October 16, 2008

Advice for the out-of-shape hiker



This weekend, I went hiking in the Columbia gorge. Even fairly fit people find some of these hikes to be a bit strenuous -- at least, I noticed even athletic people were breathing heavily. Also, the faces of the people going up the hill (okay, cliff) were invariably serious and fairly quiet. People coming down again were smiling and chattering.

Taking lots of small breaks gives you a lot of time to think about things. In particular, I found myself thinking of ways to deal with the issues of being an out-of-shape hiker going up a hill with fit companions.

Some ideas:

1. Nag your friends to keep up. If you do this right, with a finely tuned combination of seriousness and sarcasm, they won't feel guilty about forging ahead while you catch your breath. It's awful to be the one holding the group up.

2. When going up the trail, get behind a slow poke. You're not going to get there faster by pushing yourself. (Unless it's a realllly small hill.) Out-of-shape hikers are usually much worse at pacing themselves than in-shape hikers.
I'd like to hike behind these guys
Photo credit: aussiegal

3. Bring a camera. That way, it's not a break, "I'm just stopping a moment to take this shot." (The drawback here is that if you're panting really hard, your hands might shake. Blame any blurry photos on very minor earthquakes.)
(You get extra points for unusual shots, such as shooting a waterfall from above.)


3a. In particular, take pictures that show how steep the path was. This tends to impress the sedentary folk back home. Tales about hiking are like tales about the fish that got away. No one tends to believe you without evidence.



4. Don't stress. Everybody has somebody faster than they are. In particular, it's pretty likely that your husband/wife/partner will have different views in regards to fast/slow. (It's a written-in-stone rule of the universe that couples will disagree in some fundamental area of life, such as hot/cold, budget/splurge, tastes great/less filling.)

5. Enjoy yourself. Hiking provides its own rewards.

6. Also, it's a good idea to develop an interest in botany or geology. Or any other damn thing that gives you a reason to catch your breath.

7. Write a blog post about hiking. That way, you can take a break to scribble notes on the hike, which gives you a chance to catch your breath.


Serious note: After the hike, when I got to the bottom again, I saw an ambulance and paramedics. In this case, they were there because of injuries caused by rock falls, but it is true that not everyone who goes up these hills is in shape to do so. In a way, exercise-induced asthma can be quite helpful -- long before my heart gets overworked, I have to stop to breathe. Be careful.

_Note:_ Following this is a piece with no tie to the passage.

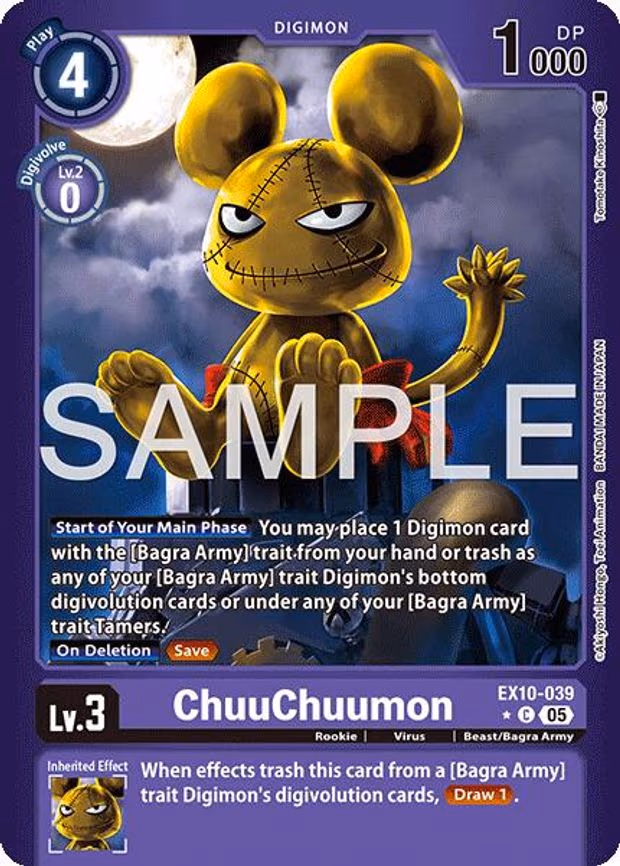 ChuuChuumon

Are there any other out-of-shape hikers who have some hard-won advice they could share? Or any in-fit hikers who could share what it's like to be a fit hiker with a slug companion? When it comes to this topic, I have a lot to learn.

44 comments:

  1. Wow, what gorgeous pictures!!!

    Hiking is one of the few fitness activities I actually enjoy, though that doesn't keep me from griping about many aspects of the experience. (Lack of toilets and presence of bears, among other things).

    Love your ideas for making a strenuous hike with annoyingly fit companions more tolerable.

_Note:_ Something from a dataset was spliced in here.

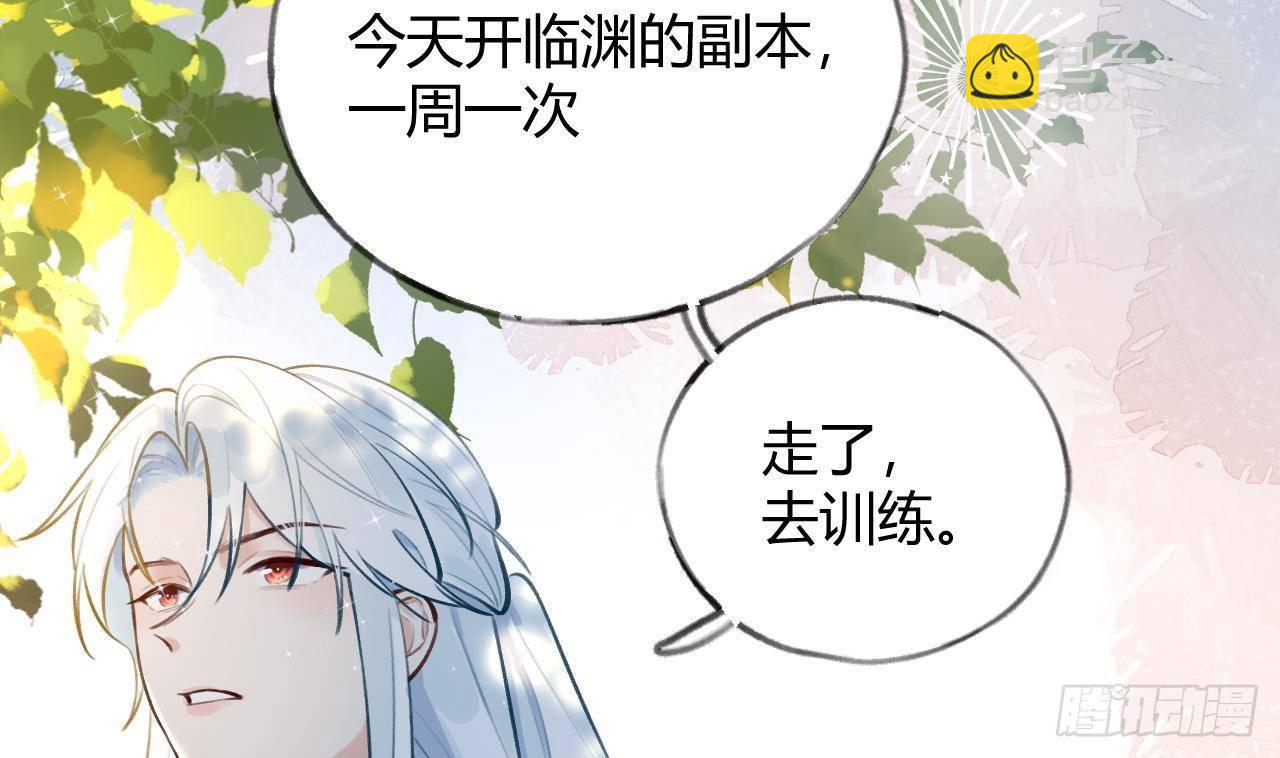 第9话 你这是在吃醋？(1/2)-第10话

    The only thing I'd add: pack a lunch with Well Deserved Treats!

    And good for you for challenging yourself. It's especially daunting to go with people who are in great shape. I tend to avoid those situations myself!

    ReplyDelete
  2. I second the suggestion for bringing some tasty snacks. Also, a camera is essential. After all, that's what hiking's all about - being (and peeing) in the great outdoors and taking the time to enjoy it! What's the rush?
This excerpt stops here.